Making sense of the referenda Just as Bern failed to explain the possible long-term impact of a positive vote to curb EU immigration, the Department of Defence also neglected to put across its case in support of the 18 May Gripen fighter vote. Given readers’ response, some for, others against, to a Le News story highlighting a critical Norwegian report on the Gripen, it is evident that this was never a clear-cut issue. There was simply too much obfuscation, even arrogance, within the ministry as to why Switzerland really needed the planes.
The irony is that, traditionally, most Swiss have tended to vote in support of whatever the army recommends. This time, however, they did not buy the argument. Global weapons’ sales, too, often have more to do with political or commercial lobbies than actual military requirements.

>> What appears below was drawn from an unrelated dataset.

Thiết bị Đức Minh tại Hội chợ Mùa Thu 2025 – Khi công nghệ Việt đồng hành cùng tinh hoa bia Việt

Now is the time to engage in a proper debate regarding Switzerland’s position within Europe, both economically and security-wise. With an airforce that does not scramble until after breakfast, would it not be better for Switzerland to develop more shared resources and security with its neighbours? This needs to include threats superseding conventional warfare, notably cyber security and terrorism. As highlighted in Pamela Taylor’s piece on the inability of the Swiss to develop a national press, the same goes for how the Swiss see themselves, whether as a multilingual people sharing the same heritage, or as a country with deepening divides.